Na verdade, isto que acontece com o pão e o vinho, que se tornam para nós Corpo e Sangue de Cristo, pela ação do Espírito Santo, é o que deve acontecer conosco. Em seu plano de amor, o Senhor deseja que nós nos tornemos seu Corpo. Isso é o que já teve início com nosso batismo: somos o corpo de Cristo. Mas ainda precisamos amadurecer neste processo e por isso precisamos tomar parte na celebração da Eucaristia e nos demais sacramentos, para que o que teve início em nosso batismo possa progredir e possamos crescer como Corpo de Cristo, como Igreja.

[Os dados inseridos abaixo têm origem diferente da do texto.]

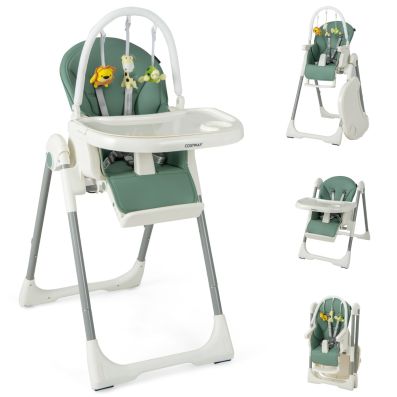 Costway chaise haute bébé pliable 4 en 1 plateau double amovible 6 hauteurs  réglables dossier 5 positions et coussin de siège beige - Conforama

Como membros de Cristo, nós somos “felizes”, porque somos convidados a participar da ceia do Senhor. Reconhecemos que não somos dignos de que Ele entre em nossa morada, mas precisamos reconhecer também que nos falta amor diante deste mistério; nos falta um desejo mais profundo de conhecer aquilo que celebramos; reconhecer que nossa fé, muitas vezes, é uma fé de costume, de comodismo, e que precisamos, portanto, ser reanimados em nosso ardor. Por isso hoje, celebrando a Solenidade do Corpo e Sangue de Cristo, somos convidados a refletir um pouco sobre o modo como celebramos a Eucaristia. Quais as disposições interiores que temos quando nos decidimos a vir para a celebração? Como me comporto durante a missa? Qual o lugar que o domingo ocupa na minha semana? Como eu aprofundo o meu conhecimento sobre o significado dos gestos e palavras da celebração?
Para que a Eucaristia produza em nós os frutos de comunhão com Cristo, com a Igreja e com toda a humanidade, não basta, evidentemente, saber coisas sobre a Eucaristia, sobre a missa, mas somos convidados a mergulhar mais profundamente no mistério da Páscoa, assumindo em nós o caminho da conversão. Sem isso, a Eucaristia não passará de um “hábito de bom católico” e que não repercute em meu modo de viver como cristão. Pela Eucaristia somos convidados a viver “por Cristo, com Cristo e em Cristo”, permitindo que a vida de Cristo que recebo neste Sacramento se torne a minha vida.
Que a participação neste mistério de nossa fé neste dia solene nos faça progredir em nosso caminho de conversão para que os frutos da Eucaristia que celebramos despontem em nossa vida. Amém.